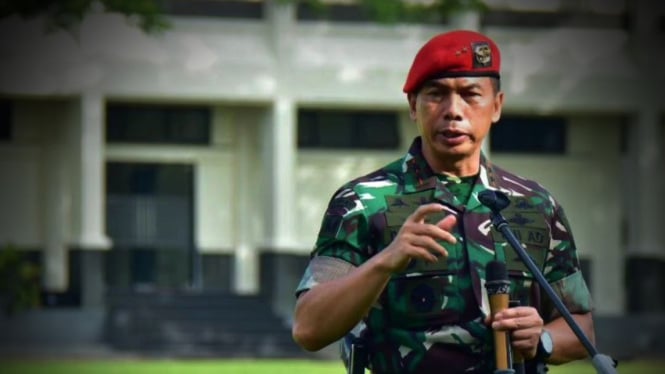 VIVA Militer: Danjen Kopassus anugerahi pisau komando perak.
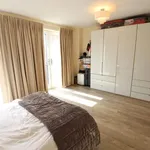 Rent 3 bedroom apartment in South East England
---
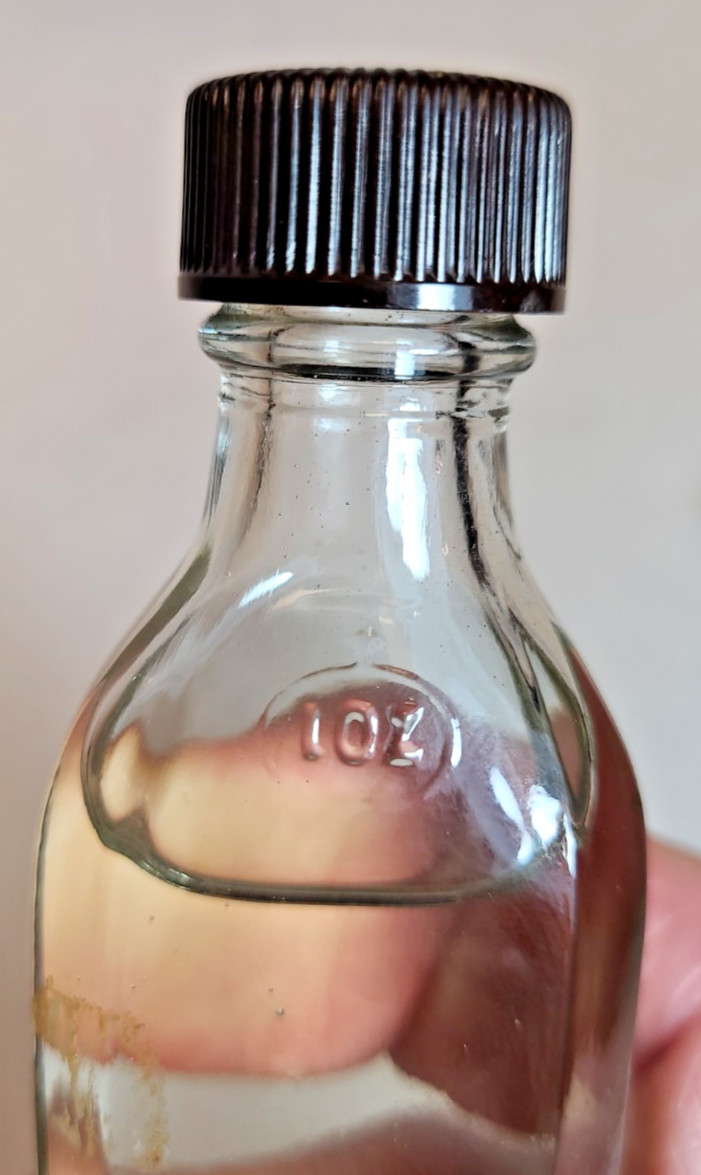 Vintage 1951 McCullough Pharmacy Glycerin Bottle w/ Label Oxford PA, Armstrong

## Requirement
Using the data above, print only the lines starting at the one with "VIVA Militer: Danjen" and ending at the one with "Rent 3 bedroom", exactly as they stand, minus the pictures.

## Written solution
 VIVA Militer: Danjen Kopassus anugerahi pisau komando perak.
 Rent 3 bedroom apartment in South East England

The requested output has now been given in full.